Of course they do. But they also need to understand how to make hard choices, both for themselves and for their team.
And hard choices are entirely about courage.
Hard choices mean, when you’ve just spent six weeks working twelve-hour days, showing up in the office before your team and leaving after, and you’ve just succeeded in whatever project you’re working on, you give the credit to your team. You say to your VP: hey, we did a fantastic job getting this done. I’m honored to have been part of this team. And the one who worked hardest and best was [someone other than yourself].
And you say to your team: y’all did a fantastic job getting this done. I’m proud to be part of this team.
Note the generous use of we and y’all. When you’re the leader, it’s not about you any more.

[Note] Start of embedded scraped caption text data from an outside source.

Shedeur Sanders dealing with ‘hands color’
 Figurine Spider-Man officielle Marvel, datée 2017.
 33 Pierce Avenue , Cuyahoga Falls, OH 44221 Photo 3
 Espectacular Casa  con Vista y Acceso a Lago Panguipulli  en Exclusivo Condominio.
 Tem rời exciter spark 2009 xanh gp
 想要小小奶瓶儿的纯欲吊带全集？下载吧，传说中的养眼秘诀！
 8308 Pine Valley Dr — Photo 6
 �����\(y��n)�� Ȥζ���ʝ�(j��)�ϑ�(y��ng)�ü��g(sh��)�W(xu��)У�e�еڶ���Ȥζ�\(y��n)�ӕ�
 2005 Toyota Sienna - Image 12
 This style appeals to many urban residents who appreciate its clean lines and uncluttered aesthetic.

Unless your team didn’t do so well. Somebody screwed something up on that big project, and it didn’t turn out as well as you, or your boss, hoped. That’s when it becomes about you. Because that’s when you have to stand up in front of your VP and say, this didn’t go as well as I wanted it to, and I’m the team leader, so it’s my fault. No, I won’t tell you which of my team members is to blame, because it’s my fault. I will take the consequences myself before I throw one of mine under the bus.
Then, assuming you still have a job, you have to go back to your team and deal with the issue, whether that means training or counseling or letting your weak link go.
Do that, and you have your team’s loyalty from then on. Don’t do it, and the best you can hope for is compliance.
One courageous moment can mean the difference between a manager and a leader. When you get the chance, swallow hard and stand up.